Collected data entries
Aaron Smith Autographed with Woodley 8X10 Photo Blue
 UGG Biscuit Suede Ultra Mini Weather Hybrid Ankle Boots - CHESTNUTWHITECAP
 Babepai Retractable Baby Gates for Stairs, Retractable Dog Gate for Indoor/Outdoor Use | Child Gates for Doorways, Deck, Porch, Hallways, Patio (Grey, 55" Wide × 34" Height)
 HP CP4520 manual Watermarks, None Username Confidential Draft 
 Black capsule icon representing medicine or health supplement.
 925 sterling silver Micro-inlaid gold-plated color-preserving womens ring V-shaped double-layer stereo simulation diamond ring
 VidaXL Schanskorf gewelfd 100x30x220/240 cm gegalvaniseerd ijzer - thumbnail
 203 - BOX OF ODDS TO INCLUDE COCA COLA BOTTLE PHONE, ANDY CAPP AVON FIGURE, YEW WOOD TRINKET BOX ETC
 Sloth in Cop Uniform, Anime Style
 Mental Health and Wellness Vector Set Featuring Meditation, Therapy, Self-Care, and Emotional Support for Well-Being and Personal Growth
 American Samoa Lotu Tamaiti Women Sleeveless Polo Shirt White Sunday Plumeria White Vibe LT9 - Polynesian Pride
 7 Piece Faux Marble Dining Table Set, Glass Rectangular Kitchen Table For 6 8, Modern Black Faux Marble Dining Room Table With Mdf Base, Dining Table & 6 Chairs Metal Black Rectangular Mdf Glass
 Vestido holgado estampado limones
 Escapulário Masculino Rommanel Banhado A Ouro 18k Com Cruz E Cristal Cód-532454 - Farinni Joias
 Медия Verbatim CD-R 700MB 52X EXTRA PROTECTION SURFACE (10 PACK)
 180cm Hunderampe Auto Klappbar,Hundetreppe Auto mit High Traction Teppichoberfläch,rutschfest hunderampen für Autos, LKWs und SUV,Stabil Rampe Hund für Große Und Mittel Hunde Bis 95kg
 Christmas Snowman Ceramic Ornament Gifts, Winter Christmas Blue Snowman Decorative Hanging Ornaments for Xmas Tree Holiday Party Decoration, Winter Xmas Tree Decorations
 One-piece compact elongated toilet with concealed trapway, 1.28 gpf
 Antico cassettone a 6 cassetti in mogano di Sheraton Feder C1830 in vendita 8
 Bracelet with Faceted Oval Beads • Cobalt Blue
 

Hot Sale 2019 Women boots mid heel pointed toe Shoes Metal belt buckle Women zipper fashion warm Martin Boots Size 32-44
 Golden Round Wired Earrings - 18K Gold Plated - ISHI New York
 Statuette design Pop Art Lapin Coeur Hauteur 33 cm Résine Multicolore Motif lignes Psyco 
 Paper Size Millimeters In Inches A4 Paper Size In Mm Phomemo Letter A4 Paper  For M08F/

[Requirement]
Copy exactly the lines from the one containing "Antico cassettone a" through the last line of the records, both included, and nothing else.

[Completed exercise]
 Antico cassettone a 6 cassetti in mogano di Sheraton Feder C1830 in vendita 8
 Bracelet with Faceted Oval Beads • Cobalt Blue
 

Hot Sale 2019 Women boots mid heel pointed toe Shoes Metal belt buckle Women zipper fashion warm Martin Boots Size 32-44
 Golden Round Wired Earrings - 18K Gold Plated - ISHI New York
 Statuette design Pop Art Lapin Coeur Hauteur 33 cm Résine Multicolore Motif lignes Psyco 
 Paper Size Millimeters In Inches A4 Paper Size In Mm Phomemo Letter A4 Paper  For M08F/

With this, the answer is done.